A typical day for me now consists of awakening and having a caregiver turn off my breathing-machine and the luxury of a cup of coffee in bed. I check email, Facebook and maybe the news while my (and my son’s) caregiver readies things for my shower. I’m one of the blessed with ALS. I can still take a shower (albeit, laboriously). Many people with ALS don’t have the logistical support to get regular showers (either they don’t have the home modifications and/or don’t have the equipment and/or don’t have a caregiver willing or able to shower them). I’m still able to walk, using a walker, the few steps from my bed to my recliner. That’s where I spend most of my day, my face illuminated by the glow of the computer monitor. My computer is my window to the world.
I go on virtual, vicarious vacations courtesy of my friends’ postings on Facebook. I see the weather out the window. I shop on the internet, play games, do digital scrapbooking, write the occasional blog entry -- but none of that feels remotely like my life before ALS. Now, instead of hearing the radio blare a dispatch for a scene flight, I gaze at a scene on my desktop. Instead of donning a helmet, I don headgear for my non-invasive ventilator. Instead of learning the most up-to-the-minute medical technology, I learn the latest trick for scrapping on Photoshop Elements. Gone are the adrenaline-rushes. Now “rush” is not a word in my vocabulary (the faster I try to go the more my muscles rebel).
So, my new motto is the saying by Joseph Campbell, “We must let go of the life we have planned, so as to accept the one that is waiting for us.” There’s one thing wrong with that phrase -- it makes it sound like you do it once and it’s DONE. Truly, “letting go” of the life I had planned is a daily journey that must be begun again every day. Lamentations 3:22-23 says, “The steadfast love of the Lord never ceases; his mercies never come to an end; They are new every morning; great is your faithfulness.” It is probably not coincidence that the title of the book of the Bible where that verse is found means is “the passionate expression of grief or sorrow”. Every day I grieve the loss of my former-life and look to the “new normal” that God has for me.
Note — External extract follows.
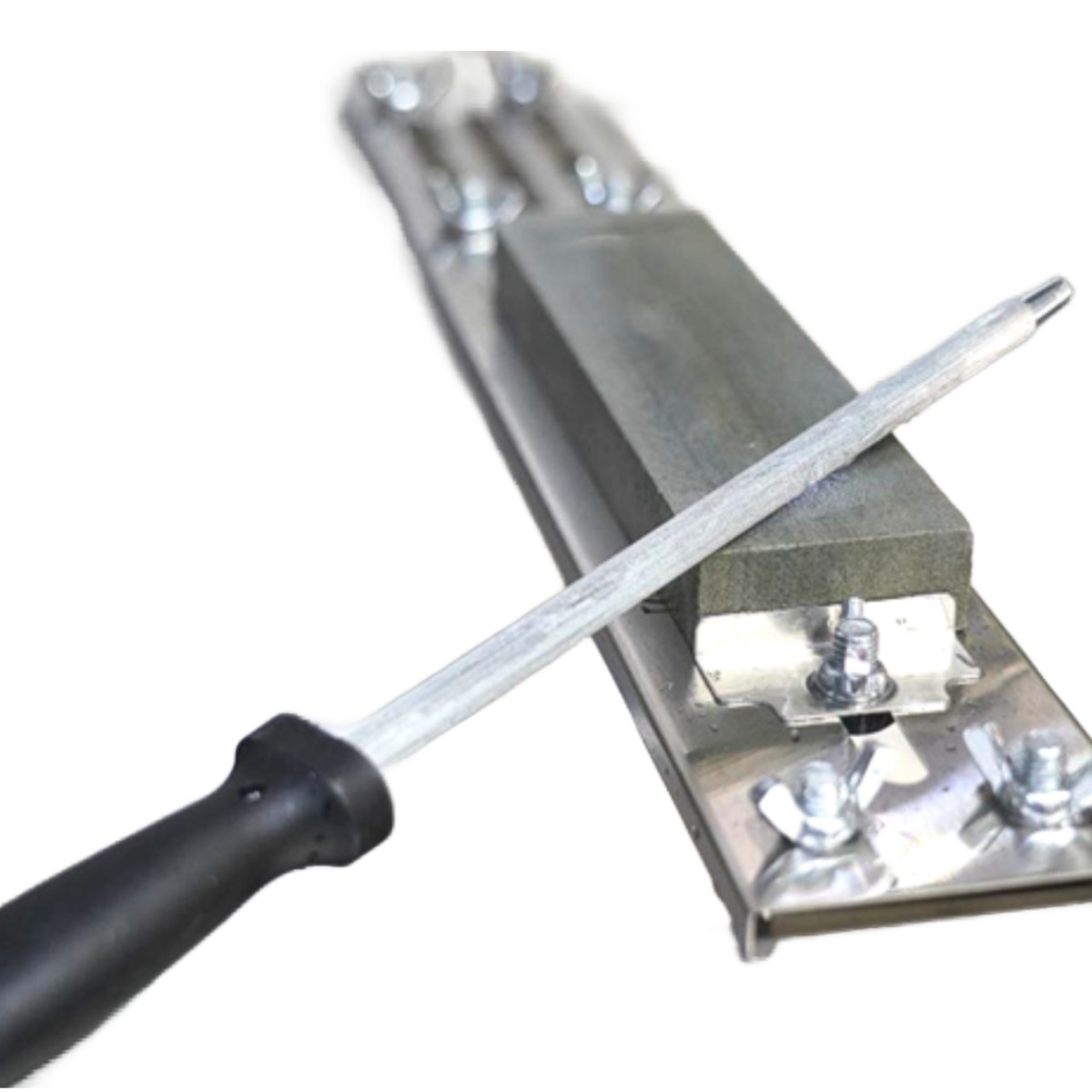 슈마이 스텐 숫돌 칼갈이 받침대 씽크대 거치대 연마봉 야스리, 1개 23,200원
God did not will that I have ALS. But He will not let my suffering be wasted. Nor will he waste yours. There’s nothing wrong with asking for suffering to be taken from us. Christ did it on the cross when he said, “Father, if you are willing, take this cup from me.”
I read a phrase on a friend’s Facebook status recently that said: God answer prayers in three ways: “God says yes and gives what you want..God says no and gives you something better…God says wait and give you the best.” She lost her husband to ALS this year but she knows that God is greater than ALS. Sometimes our prayers for an end to our suffering are answered with a “no” or a “wait”. The ultimate healing is the one we’ll receive when we see Jesus. In the mean time, we live.
The 11-year-old daughter of a friend of mine was just diagnosed with metastatic brain cancer. This child faces a regimen of therapies that may leave her only slightly better off than if she succumbed to the disease she is fighting. If she lives, she may be left blind, deaf or with brain damage. The torment her parents are facing is beyond my comprehension. How humbled I was to read her mother’s words, written while her precious child still lay in the children’s hospital, recovering from brain surgery: “I may receive odds or diagnoses I don't like but the mission remains the same, to bless, love and reflect Christ. I can walk in the moment and hold fast to my mission.”
Ultimately, holding fast to our mission is our goal. As followers of Jesus Christ we are called to love and serve Him…whether we are in sickness or in health, in riches or in poverty. Every morning, as a new day dawns, I thank God for my life and ask Him to show me how to magnify Him through it. His grace is manifest in my weakness and His mercies are new every morning.